> [Material for the task]:

• • • • •

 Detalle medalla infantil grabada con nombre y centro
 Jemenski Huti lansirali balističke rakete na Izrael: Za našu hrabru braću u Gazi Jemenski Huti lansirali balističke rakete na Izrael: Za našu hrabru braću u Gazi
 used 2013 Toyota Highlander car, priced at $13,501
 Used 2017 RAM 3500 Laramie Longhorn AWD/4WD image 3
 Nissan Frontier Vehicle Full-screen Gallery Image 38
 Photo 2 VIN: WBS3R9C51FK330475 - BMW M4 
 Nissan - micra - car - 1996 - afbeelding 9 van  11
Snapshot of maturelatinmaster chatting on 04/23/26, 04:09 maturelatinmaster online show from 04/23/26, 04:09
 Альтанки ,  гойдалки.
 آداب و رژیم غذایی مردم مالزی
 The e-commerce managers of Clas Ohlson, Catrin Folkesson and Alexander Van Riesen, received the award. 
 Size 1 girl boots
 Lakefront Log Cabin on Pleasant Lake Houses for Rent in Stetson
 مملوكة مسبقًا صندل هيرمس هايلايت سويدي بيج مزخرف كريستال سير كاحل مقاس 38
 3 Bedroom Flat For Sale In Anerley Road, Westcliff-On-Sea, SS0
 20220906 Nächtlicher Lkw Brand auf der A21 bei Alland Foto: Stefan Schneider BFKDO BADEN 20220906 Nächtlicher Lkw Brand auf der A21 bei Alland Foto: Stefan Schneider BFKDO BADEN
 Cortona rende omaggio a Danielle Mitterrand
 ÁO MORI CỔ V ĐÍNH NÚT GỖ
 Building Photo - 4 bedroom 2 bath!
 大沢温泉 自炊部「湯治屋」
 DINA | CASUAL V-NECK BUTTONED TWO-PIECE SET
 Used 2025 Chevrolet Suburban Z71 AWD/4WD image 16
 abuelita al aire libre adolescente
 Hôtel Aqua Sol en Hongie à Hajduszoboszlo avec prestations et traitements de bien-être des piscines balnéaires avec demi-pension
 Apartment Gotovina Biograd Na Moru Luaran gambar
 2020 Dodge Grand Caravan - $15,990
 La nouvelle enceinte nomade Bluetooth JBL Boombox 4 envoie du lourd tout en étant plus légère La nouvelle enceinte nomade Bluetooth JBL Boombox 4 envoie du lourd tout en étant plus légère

• • • • •

> [Task to carry out]: In the listing above, the lines from the one containing "Size 1 girl boots" through the one containing "2020 Dodge Grand Caravan - $15,990" must be set down exactly, with no other lines.

> [Task solution]:
 Size 1 girl boots
 Lakefront Log Cabin on Pleasant Lake Houses for Rent in Stetson
 مملوكة مسبقًا صندل هيرمس هايلايت سويدي بيج مزخرف كريستال سير كاحل مقاس 38
 3 Bedroom Flat For Sale In Anerley Road, Westcliff-On-Sea, SS0
 20220906 Nächtlicher Lkw Brand auf der A21 bei Alland Foto: Stefan Schneider BFKDO BADEN 20220906 Nächtlicher Lkw Brand auf der A21 bei Alland Foto: Stefan Schneider BFKDO BADEN
 Cortona rende omaggio a Danielle Mitterrand
 ÁO MORI CỔ V ĐÍNH NÚT GỖ
 Building Photo - 4 bedroom 2 bath!
 大沢温泉 自炊部「湯治屋」
 DINA | CASUAL V-NECK BUTTONED TWO-PIECE SET
 Used 2025 Chevrolet Suburban Z71 AWD/4WD image 16
 abuelita al aire libre adolescente
 Hôtel Aqua Sol en Hongie à Hajduszoboszlo avec prestations et traitements de bien-être des piscines balnéaires avec demi-pension
 Apartment Gotovina Biograd Na Moru Luaran gambar
 2020 Dodge Grand Caravan - $15,990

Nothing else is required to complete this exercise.